5 g of 5-benzoyl-1 H-2-yl-carbamic acid of the modification B, obtained according to Example 2, are dissolved in 20 ml of about 85% formic acid by stirring at room temperature. After addition of 22 ml of methanol, the solution is initially clear for a short time, but begins to become significantly cloudy within 10 minutes, and after 1V2 hours, a thick, crystalline precipitate formed. After a total of stirring for 5 hours at room temperature, the white crystals are filtered off with suction and the adhering formic acid is thoroughly washed with methanol and copious amounts of water. The yield of methyl 5-benzoyl-1H-benzimidazol-2-ylcarbamate after drying is 4.5 g, corresponding to 90% of theory. Fp: 315-322 ⁰ C with decomposition and previous yellowing from about 285 ⁰ C. In the mother liquor can still observe a small recrystallization (0.2 g corresponding to 4% of theory), if they are 10 to 15 hours at room temperature let stand.
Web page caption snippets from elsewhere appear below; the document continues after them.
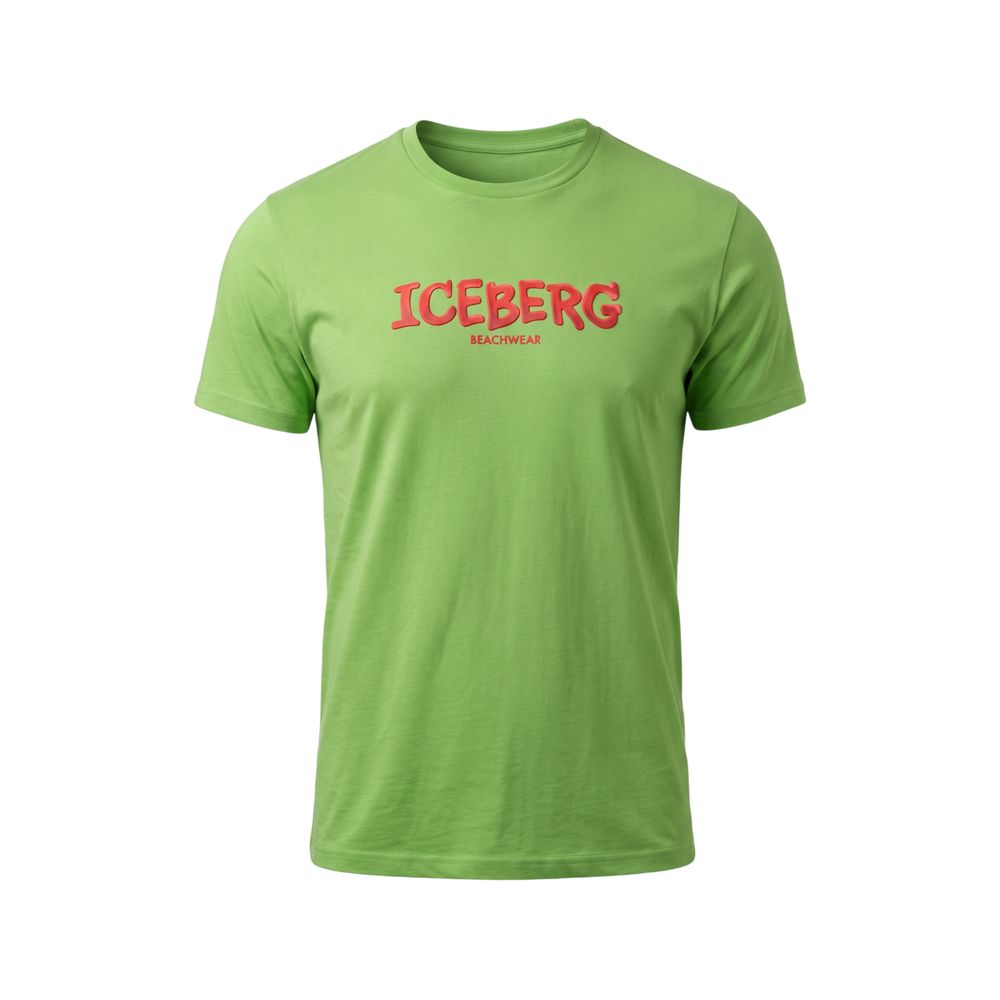 T-Shirt by Iceberg for men in stretch cotton green showcases a unassuming silhouette, artfully detailed with a refined crew neckline and unassuming short-sleeve for a sophisticated, contemporary look.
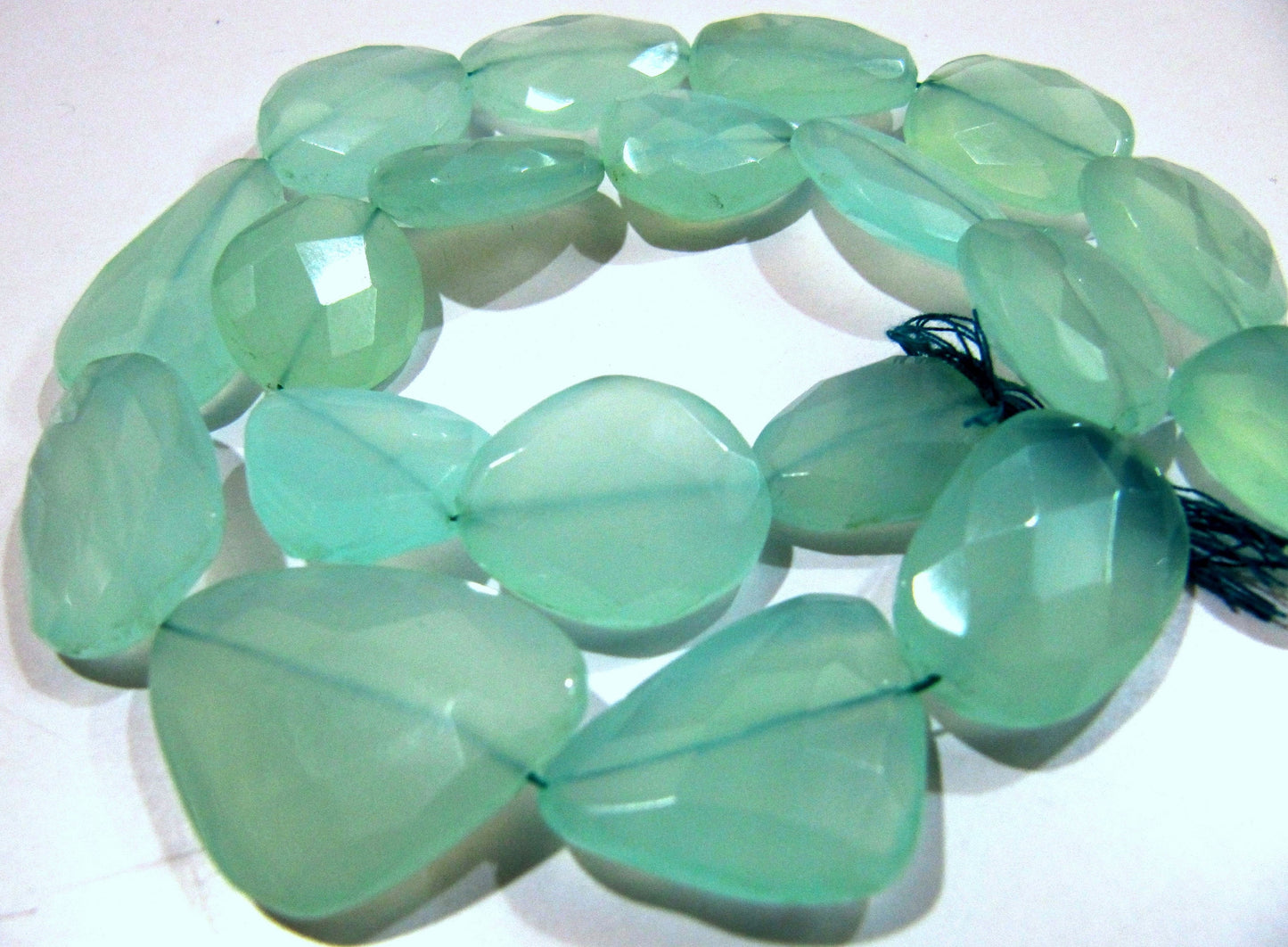 Natural Aqua Chalcedony Free Shape Briolette Beads / Approximately 20 to 30mm Size Beads / Strands 16 inches long / Flat Tumbled beads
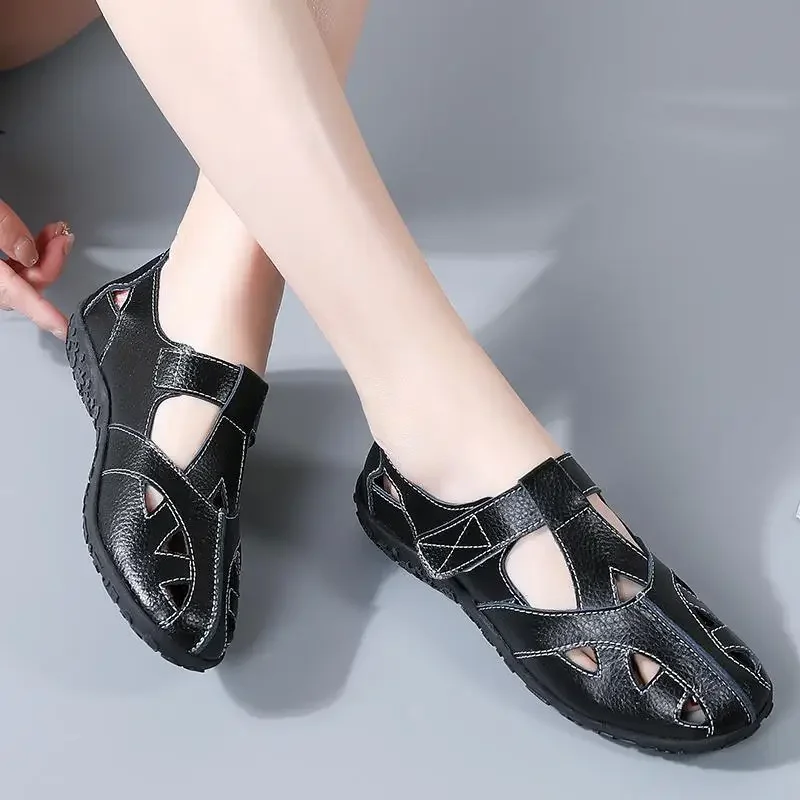 

2024 Summer Casual Elegant Luxury Women's Sandals Sandals Women's Leather Large Size Flat Bottom Sandals Women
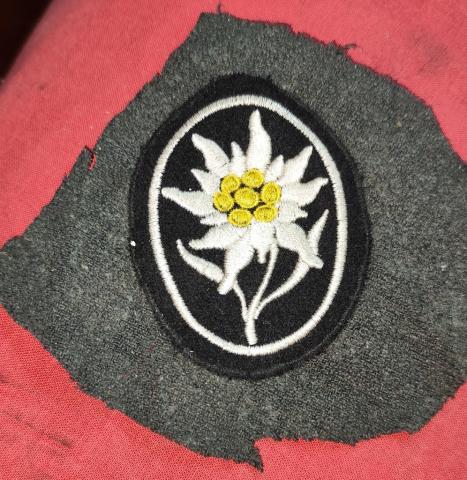 WW2 German Nazi Waffen SS Gebirgsjager cloth tunic patch uniform totenkopf panzer original for sale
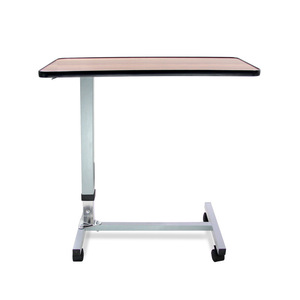 Nursing Bed Dining <b>Table</b> Wooden <b>Adjustable</b> Height Hospital <b>Table</b> With Wheels Rectangle Base Type RJ-T6810 - Product Image 2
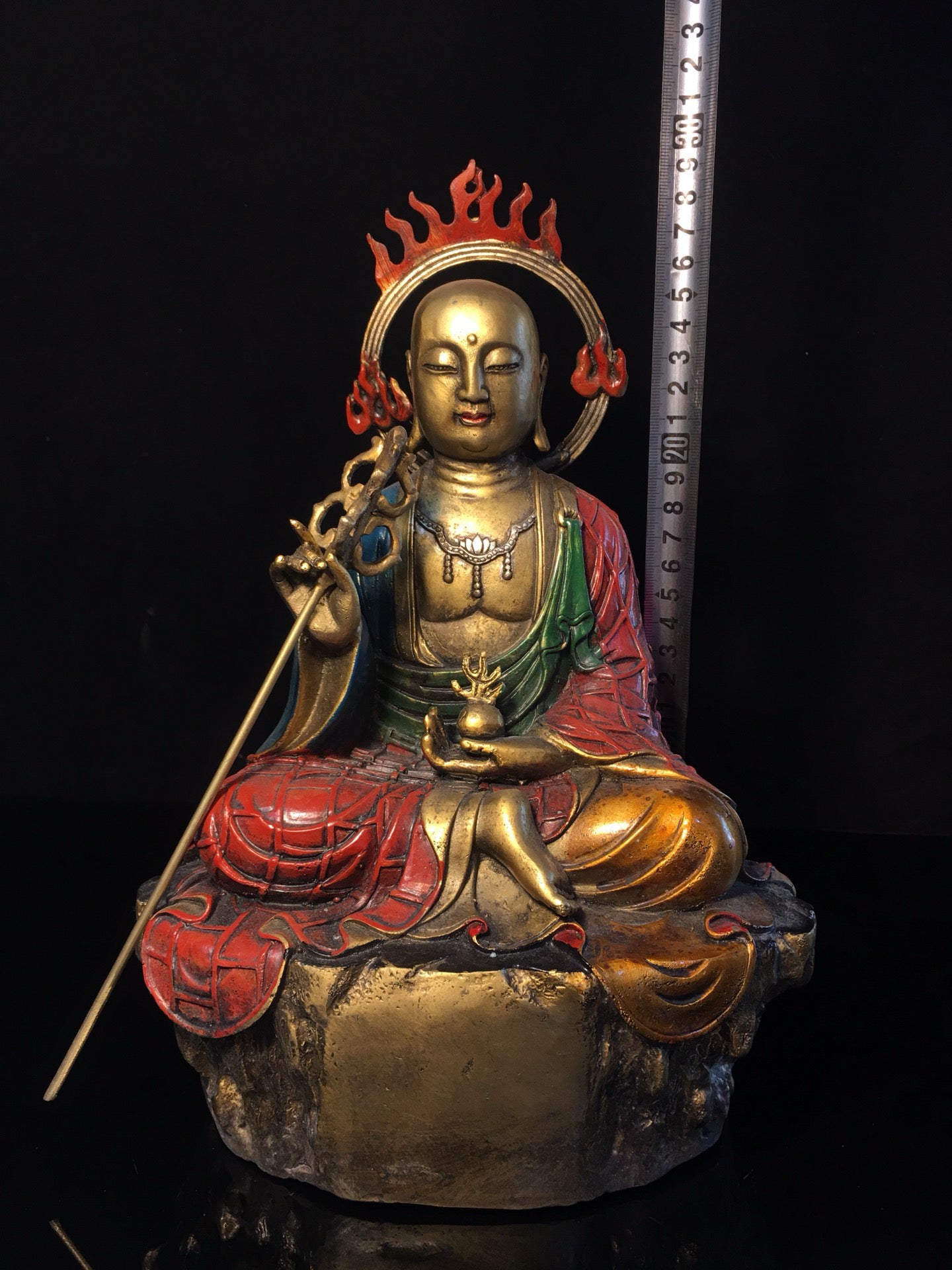 Chinese Antique Pure Copper Earth Treasure Bodhisattva Buddha Statue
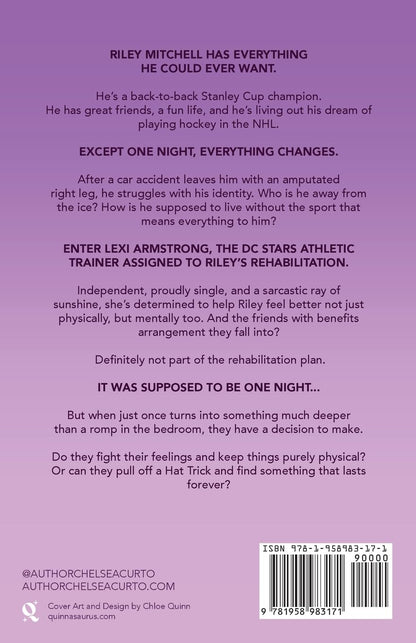 Book back cover with text about a hockey player and his rehabilitation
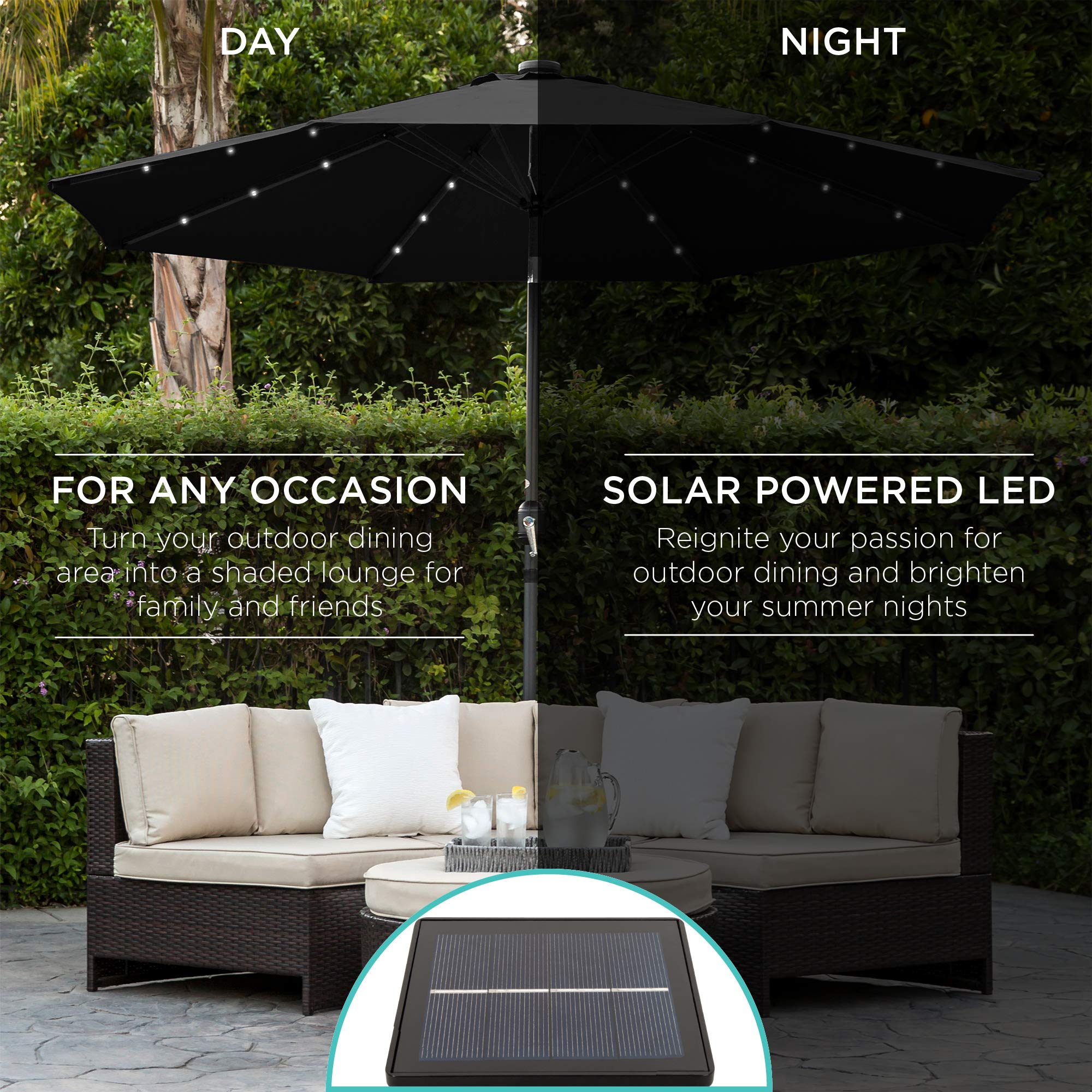 Amazon Com Best Choice Products 10ft Solar Powered Aluminum Polyester Led Lighted Patio Umbrella W Tilt Adjustment And Fade Resistant Fabric Black Garden Outdoor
The products according to the infrared spectrum both correspond to the modification B.

Claims (11)

claims: 1. A process for purifying 5-ΒβηζονΙ-1Η-οβηζίΓηία3ΖθΖθΙ-2-νΝς3Γ03Γηίη33υΓβΓηβΐήγΙβ5ΐβΓ and simultaneously Crystallization in the B-modification, characterized in that 5-benzoyl-1 H-benzimidazol-2-ylcarbaminsäuremethylester any crystal modification is dissolved in formic acid and precipitated by the addition of methanol. 2. The method according to item 1, characterized in that an approximately 80-85% formic acid is used. 3. The method according to points 1 and 2, characterized in that the dissolution of the 5-benzoyl-1 H-benzimidazol-2-ylcarbaminsäuremethylesters in the formic acid is carried out with heating. 4. The method according to points 1 to 3, characterized in that the resulting solution of 5-benzoyl-1 H-benzimidazol-2-yl-carbamic acid methyl ester in formic acid is treated with activated carbon before the addition of methanol. 5. The method according to points 1 to 4, characterized in that the activated carbon treatment is carried out at a higher temperature. 6. The method according to points 1 to 5, characterized in that the precipitation of the 5-benzoyl-1 H-benzimidazol-2-ylcarbaminsäuremethylesters in the B-modification after the methanol is added by heating the reaction mixture. 7. The method according to items 1 to 6, characterized in that the precipitation of the 5-benzoM H-benzimidazol-2-ylcarbaminsäuremethylesters in the B-modification after the addition of methanol by heating the reaction mixture to reflux. 8. The method according to points 1 to 7, characterized in that is distilled off during the precipitation of the 5-benzoyl-1 H-benzimidazol-2-ylcarbaminsäuremethylesters in the B-modification of forming methyl formate. 9. The method according to items 1 to 8, characterized in that the distilling methyl formate, optionally continuously, is replaced by methanol. 10. The method according to points 1 to 9, characterized in that an already present in another crystal form, optionally pure, 5-benzoyl-1 H-benzimidazol-2-yl-carbamic acid methyl ester is used. 11. The method according to items 1 to 9, characterized in that in the B-modification already present 5-benzoyl-1 H-benzimidazol ^ -yl-carbamic acid methyl ester is purified.